[Data extracted from a collection]
=======
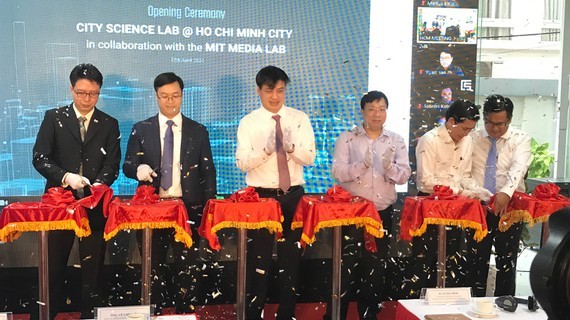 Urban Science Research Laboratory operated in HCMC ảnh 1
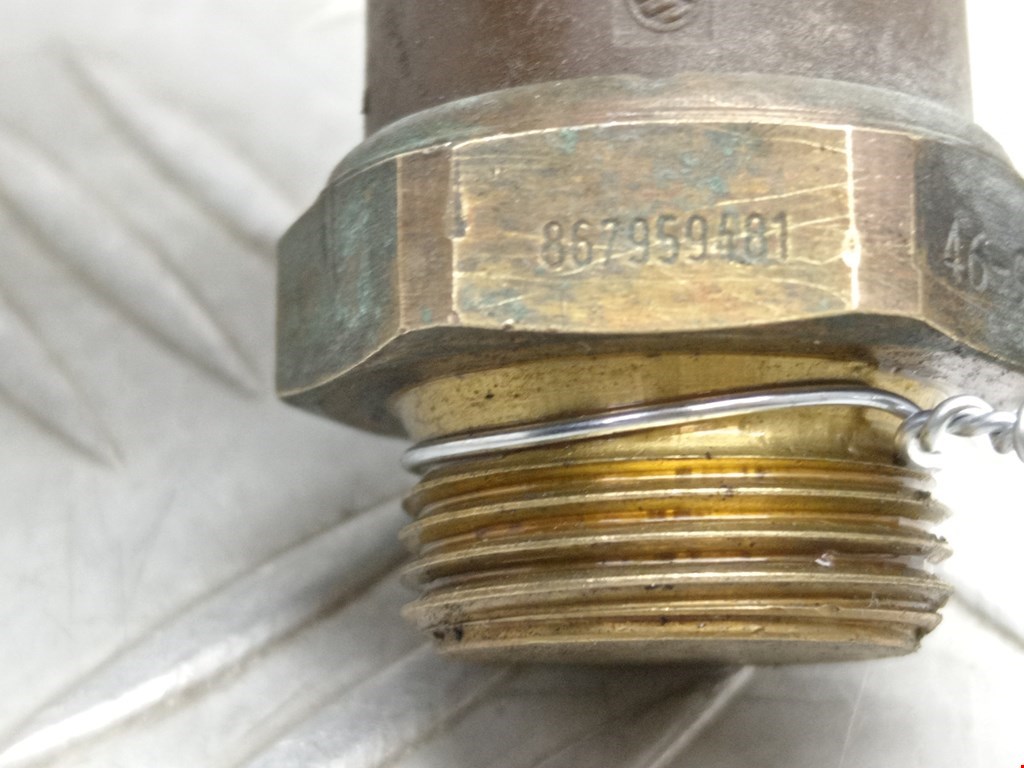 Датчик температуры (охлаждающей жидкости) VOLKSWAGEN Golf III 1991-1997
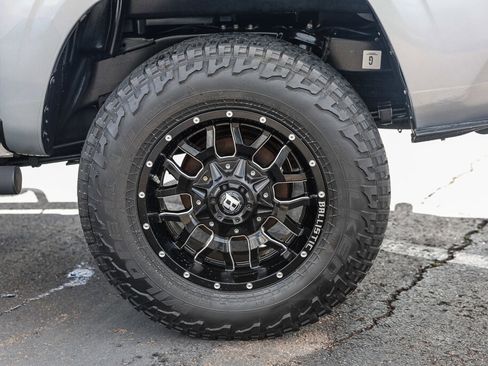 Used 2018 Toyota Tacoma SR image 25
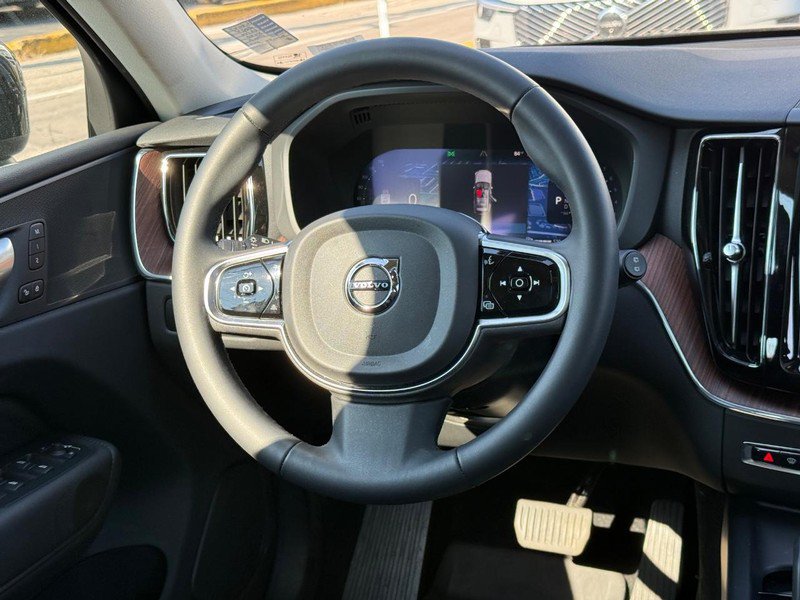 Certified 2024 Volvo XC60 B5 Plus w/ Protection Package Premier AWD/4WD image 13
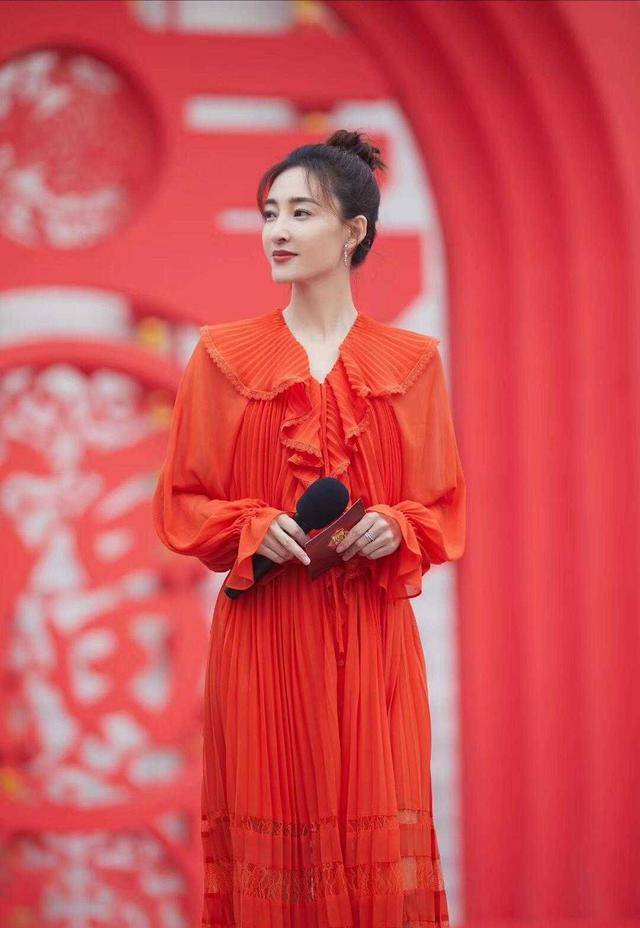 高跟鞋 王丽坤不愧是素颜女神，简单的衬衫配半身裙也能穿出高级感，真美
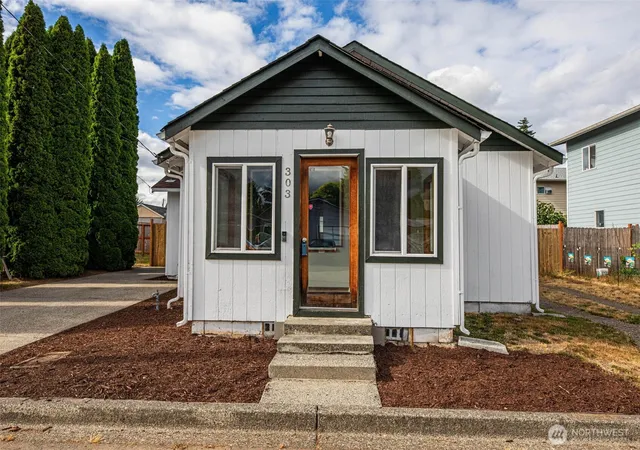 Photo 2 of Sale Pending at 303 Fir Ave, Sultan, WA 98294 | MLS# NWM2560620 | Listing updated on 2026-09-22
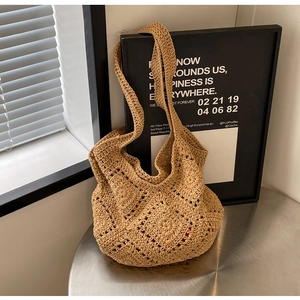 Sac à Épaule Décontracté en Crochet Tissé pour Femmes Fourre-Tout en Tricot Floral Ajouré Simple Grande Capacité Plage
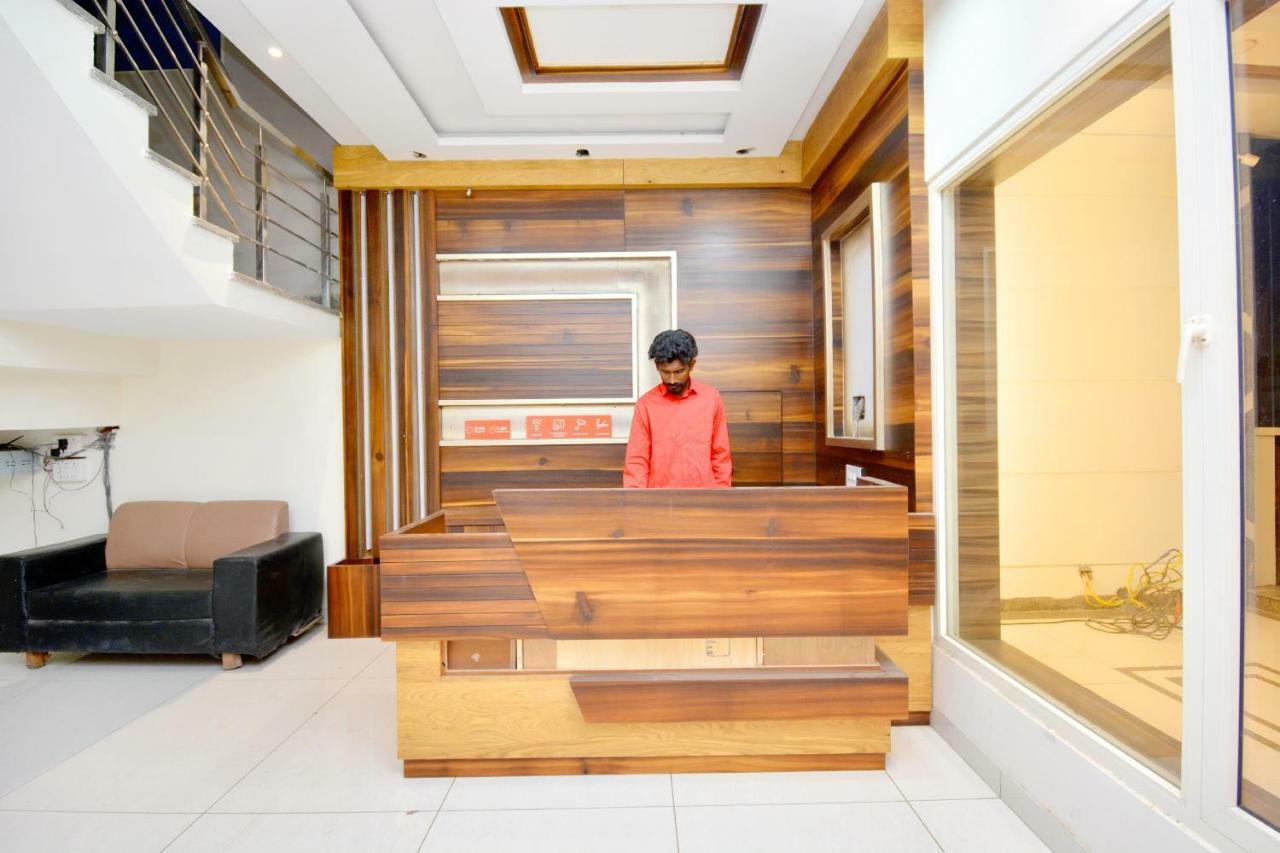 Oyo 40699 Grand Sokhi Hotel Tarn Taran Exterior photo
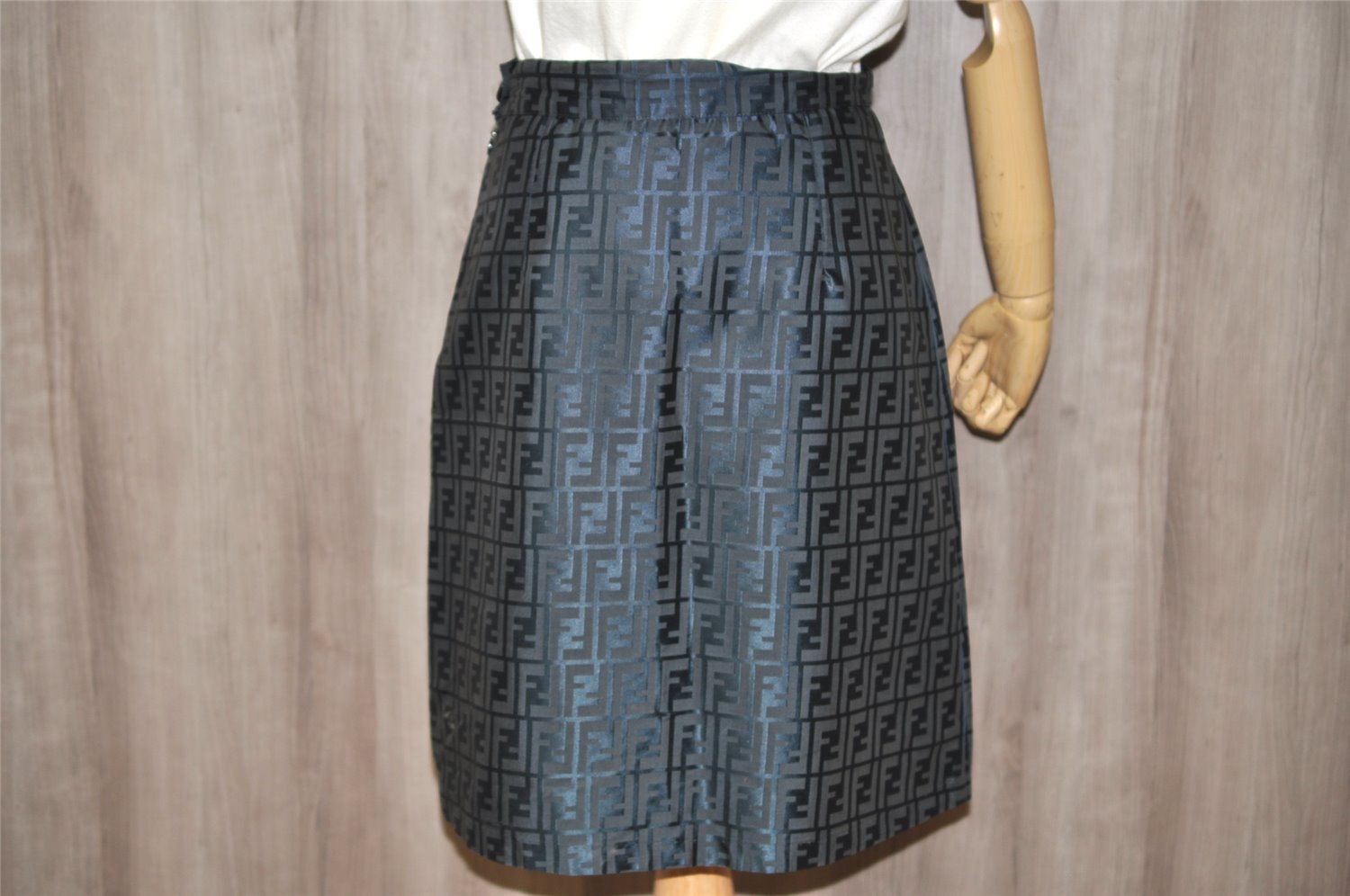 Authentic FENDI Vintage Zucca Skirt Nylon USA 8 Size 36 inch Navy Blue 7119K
=======
- _What the task asks_
Give the lines again exactly, starting where the entries begin and stopping once the line with "Photo 2 of Sale" is included; pictures are not copied.

- _Written response_
 Urban Science Research Laboratory operated in HCMC ảnh 1
 Датчик температуры (охлаждающей жидкости) VOLKSWAGEN Golf III 1991-1997
 Used 2018 Toyota Tacoma SR image 25
 Certified 2024 Volvo XC60 B5 Plus w/ Protection Package Premier AWD/4WD image 13
 高跟鞋 王丽坤不愧是素颜女神，简单的衬衫配半身裙也能穿出高级感，真美
 Photo 2 of Sale Pending at 303 Fir Ave, Sultan, WA 98294 | MLS# NWM2560620 | Listing updated on 2026-09-22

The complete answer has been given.